Word jokes
Yourom?
White people can't say the N-word, but at least they can say, "Thanks for the warning, officer," and "Hi, Dad."
"How do you make 7 even?"
"Take away the s."
Wanna know the last words of the south tower?
"HAHA LOOK AT YOU! IMAGINE BEING HIT YOU L BOZO!"
Are you gay? "No." Oh, so you're not happy? "No." Oh...
What’s a necrophiliac’s safe word? I’m alive.
This is 15 first-year treating a swan.
Students return: "Without payment?"
The word "I die with many important problems."
Later, you answer this point: "DSD, rats?"
Alle Kinder hiessen Melissa, ausser Kurt, han hed det "grime Kurt bombomn".

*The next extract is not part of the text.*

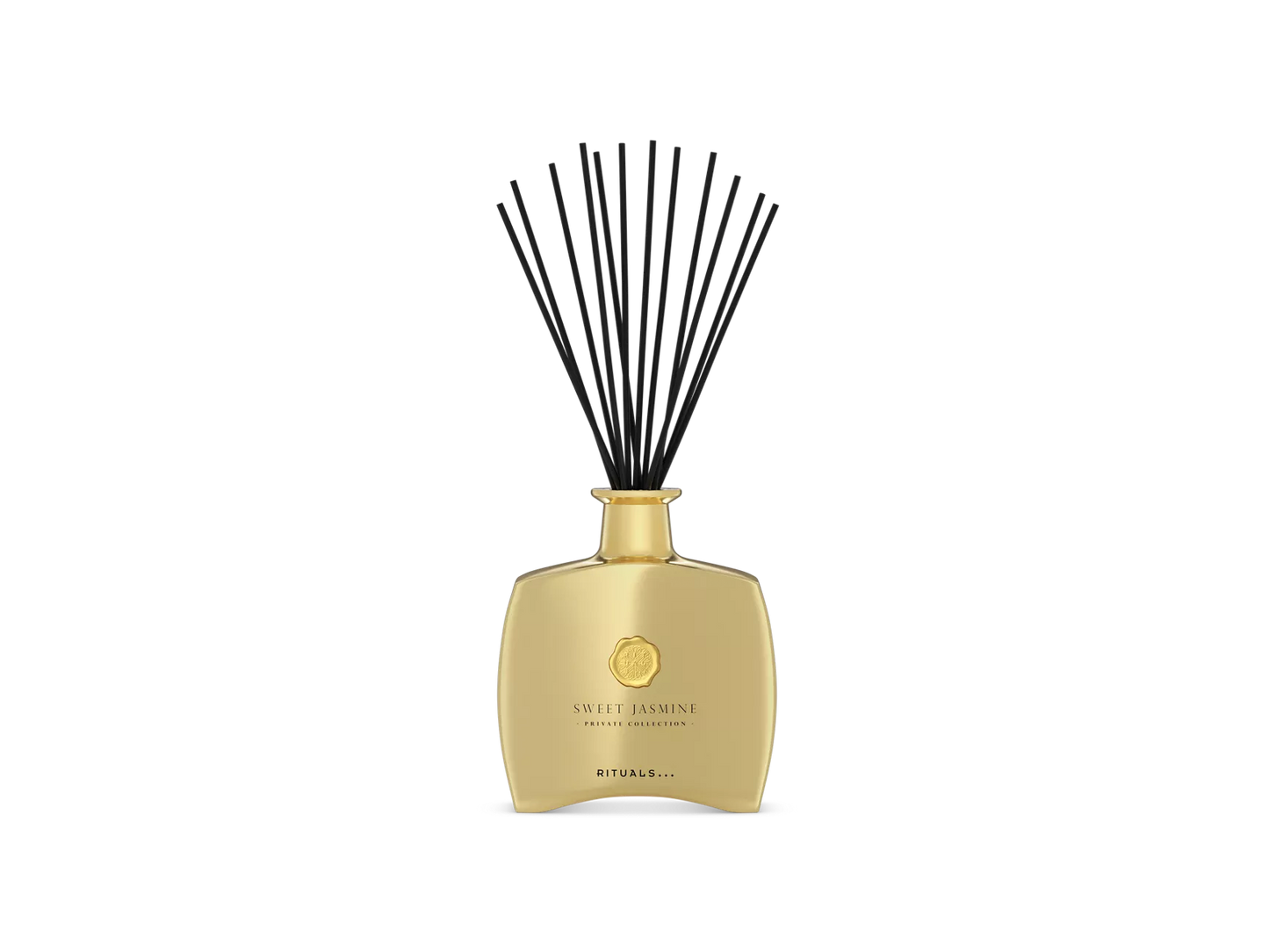 Rituals - Tatlı Yasemin Oda Kokusu
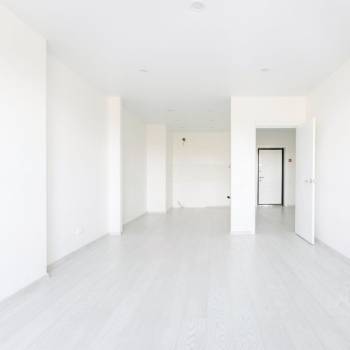 Продается 2-х комнатная квартира, 57 м²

What were Stephen Hawking's dying words?
"Restore factory settings."
Person 1: "Hey, I created a new word!"
Person 2: "What is it?"
Person 1: "Plagiarism!"
From the wise words of my friend, "You ain't a man 'til you had a man."
Stupid.
Spell fuzz.
Okay, F-U-Z-Z, which also, it sounds like "F U Z's."
What’s the most terrifying word in nuclear physics?
Oops!
My teacher said, "Words don't hurt!"
So I threw my dictionary at her.
Nutty.
Why does the orphan can’t write a single word or sentence?
Because the orphan is dumber.
Braken Rodrgrigous?
What’s a 5 letter word that starts with a ‘P’ that girls love to get their hands on? 😏
Why can't men play baseball?
Because no one can take the word "balls" seriously anymore.